Exercise instructions:
Give back every entry in full, exactly as it reads.

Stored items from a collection
----
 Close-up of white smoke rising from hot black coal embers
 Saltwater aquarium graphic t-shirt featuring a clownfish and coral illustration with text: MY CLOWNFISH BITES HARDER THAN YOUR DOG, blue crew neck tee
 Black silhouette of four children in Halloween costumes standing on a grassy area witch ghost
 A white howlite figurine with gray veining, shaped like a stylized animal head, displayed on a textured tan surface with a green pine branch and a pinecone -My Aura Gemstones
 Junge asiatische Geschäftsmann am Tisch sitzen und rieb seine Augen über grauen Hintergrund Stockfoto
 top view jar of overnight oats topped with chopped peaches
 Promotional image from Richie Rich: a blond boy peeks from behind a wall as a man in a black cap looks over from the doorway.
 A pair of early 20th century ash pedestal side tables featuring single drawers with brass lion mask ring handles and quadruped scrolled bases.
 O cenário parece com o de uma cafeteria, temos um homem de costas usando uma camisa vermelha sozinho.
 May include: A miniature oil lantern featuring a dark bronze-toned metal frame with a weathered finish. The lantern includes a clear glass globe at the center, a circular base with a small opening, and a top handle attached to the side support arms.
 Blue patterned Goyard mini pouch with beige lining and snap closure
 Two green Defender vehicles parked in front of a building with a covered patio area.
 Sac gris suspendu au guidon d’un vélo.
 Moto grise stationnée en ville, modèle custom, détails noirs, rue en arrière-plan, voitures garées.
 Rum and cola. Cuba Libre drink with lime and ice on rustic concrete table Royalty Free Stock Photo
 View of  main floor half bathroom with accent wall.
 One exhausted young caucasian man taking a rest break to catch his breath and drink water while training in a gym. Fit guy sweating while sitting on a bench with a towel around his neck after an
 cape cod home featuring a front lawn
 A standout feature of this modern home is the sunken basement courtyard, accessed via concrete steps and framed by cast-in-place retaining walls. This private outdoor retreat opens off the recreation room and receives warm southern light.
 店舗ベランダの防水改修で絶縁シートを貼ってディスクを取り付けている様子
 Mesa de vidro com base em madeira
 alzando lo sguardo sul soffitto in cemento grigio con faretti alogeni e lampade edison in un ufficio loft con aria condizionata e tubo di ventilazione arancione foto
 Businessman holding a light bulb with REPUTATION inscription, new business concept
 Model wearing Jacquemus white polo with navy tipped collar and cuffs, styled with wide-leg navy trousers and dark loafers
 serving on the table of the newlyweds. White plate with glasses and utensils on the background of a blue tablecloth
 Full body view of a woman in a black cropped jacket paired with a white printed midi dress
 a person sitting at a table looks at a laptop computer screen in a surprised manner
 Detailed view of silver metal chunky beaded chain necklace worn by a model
----
Result of the exercise:
 Close-up of white smoke rising from hot black coal embers
 Saltwater aquarium graphic t-shirt featuring a clownfish and coral illustration with text: MY CLOWNFISH BITES HARDER THAN YOUR DOG, blue crew neck tee
 Black silhouette of four children in Halloween costumes standing on a grassy area witch ghost
 A white howlite figurine with gray veining, shaped like a stylized animal head, displayed on a textured tan surface with a green pine branch and a pinecone -My Aura Gemstones
 Junge asiatische Geschäftsmann am Tisch sitzen und rieb seine Augen über grauen Hintergrund Stockfoto
 top view jar of overnight oats topped with chopped peaches
 Promotional image from Richie Rich: a blond boy peeks from behind a wall as a man in a black cap looks over from the doorway.
 A pair of early 20th century ash pedestal side tables featuring single drawers with brass lion mask ring handles and quadruped scrolled bases.
 O cenário parece com o de uma cafeteria, temos um homem de costas usando uma camisa vermelha sozinho.
 May include: A miniature oil lantern featuring a dark bronze-toned metal frame with a weathered finish. The lantern includes a clear glass globe at the center, a circular base with a small opening, and a top handle attached to the side support arms.
 Blue patterned Goyard mini pouch with beige lining and snap closure
 Two green Defender vehicles parked in front of a building with a covered patio area.
 Sac gris suspendu au guidon d’un vélo.
 Moto grise stationnée en ville, modèle custom, détails noirs, rue en arrière-plan, voitures garées.
 Rum and cola. Cuba Libre drink with lime and ice on rustic concrete table Royalty Free Stock Photo
 View of  main floor half bathroom with accent wall.
 One exhausted young caucasian man taking a rest break to catch his breath and drink water while training in a gym. Fit guy sweating while sitting on a bench with a towel around his neck after an
 cape cod home featuring a front lawn
 A standout feature of this modern home is the sunken basement courtyard, accessed via concrete steps and framed by cast-in-place retaining walls. This private outdoor retreat opens off the recreation room and receives warm southern light.
 店舗ベランダの防水改修で絶縁シートを貼ってディスクを取り付けている様子
 Mesa de vidro com base em madeira
 alzando lo sguardo sul soffitto in cemento grigio con faretti alogeni e lampade edison in un ufficio loft con aria condizionata e tubo di ventilazione arancione foto
 Businessman holding a light bulb with REPUTATION inscription, new business concept
 Model wearing Jacquemus white polo with navy tipped collar and cuffs, styled with wide-leg navy trousers and dark loafers
 serving on the table of the newlyweds. White plate with glasses and utensils on the background of a blue tablecloth
 Full body view of a woman in a black cropped jacket paired with a white printed midi dress
 a person sitting at a table looks at a laptop computer screen in a surprised manner
 Detailed view of silver metal chunky beaded chain necklace worn by a model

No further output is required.